Satisfied with evil

The thing about living in a secular society is that you’re free to practice any religion you want … well, any religion that doesn’t break the laws of the politicians. And that freedom to just keep the seven laws is alluring, is comforting, is … well, it’s nice to keep God’s law without persecution, right?

I feel that. I understand that. I live it day by day.

And yet …

It’s a secular society. You can keep any religion you want as long as it doesn’t break the laws of the ruling class.
You know what that means, right? In light of our most basic code of morality, right?

It means that that which the seven laws condemns is perfectly allowed and protected. It means that the additional prohibition against making up religions is trodden under foot.
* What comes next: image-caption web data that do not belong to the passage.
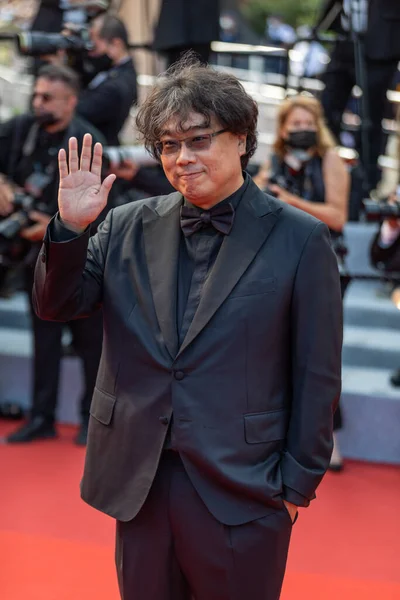 Cannes France July 2021 Director 봉준호 제74 영화제 Annette 개막식에 스톡 사진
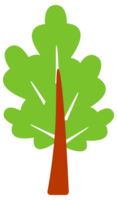 conjunto de arboles bosque árbol naturaleza planta. ilustración png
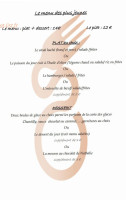 Chambourlettes menu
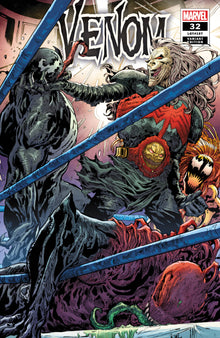 Venom #32 Ken Lashley Knull Wrestling Variant KIB (01/06/2021) Marvel Trad + Virgin Set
It means that aspects of the seven laws are broken or undermined or abrogated. It means that we do not live in a system that accords to seven laws but rather one that contradicts the laws.

I know. I know. Most people don’t know about the seven. It would be impossible right now for the seven laws to be kept as they should be, not just personal codes of morals, but as the basis for national and international law.

And that’s my problem.

Can I laud and praise a system that essentially sprinkles faeces over the seven laws system, even if it allows me to freely study God’s laws for humanity? Although I can be happy with this one merit or a number of merits, can I be glad about the freedom I have when it not only allows but also promotes the abandonment and undermining that which is of vital importance?
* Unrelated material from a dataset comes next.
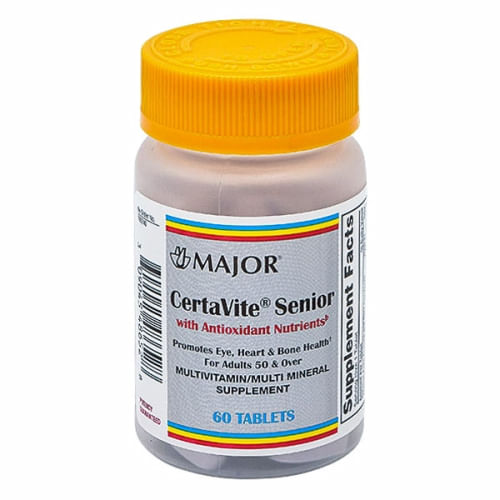 Certa-vite Senior 60 Tabs Da Major Pharmaceuticals (pacote Com 4)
Speaking personally, I cannot be happy or glad with a system that, in effect, opposes the foundational aspects of my worldview. There will be and is a longing for something better and an inner rebellion against what currently.
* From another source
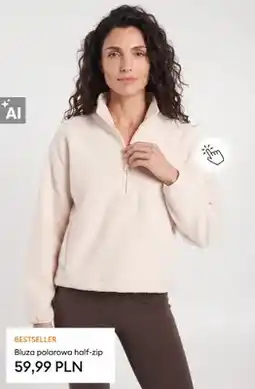 Sinsay Bluza polarowa half-zip oferta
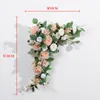 Dekorativa blommor kransar 70x50 cm bröllop Välkommen skylt Fake Artificial Floral Props Marrien Party Arch Deced Garland Window Disp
My brother and I are currently in very different places in our lives. He is a devout christian whereas my current stance is necessarily anti-Jesus and anti-new-testament. Yet we are agreed in what we witness: people who are supposed to be adherents to either the Torah perspective or the new testament worldview, yet not just live with or put up with (out of purely practical necessity), but also praise, support and pledge willing uncoerced allegiance to the current secular system, a system which essentially rejects the fundamentals of divine revelation. 
I’ve seen people see a supposed shadow in the Jewish Bible, see something apparently similar in today’s system and then claim that it is based on Torah and act as if it is fully “kosher,” ok to give one’s backing to.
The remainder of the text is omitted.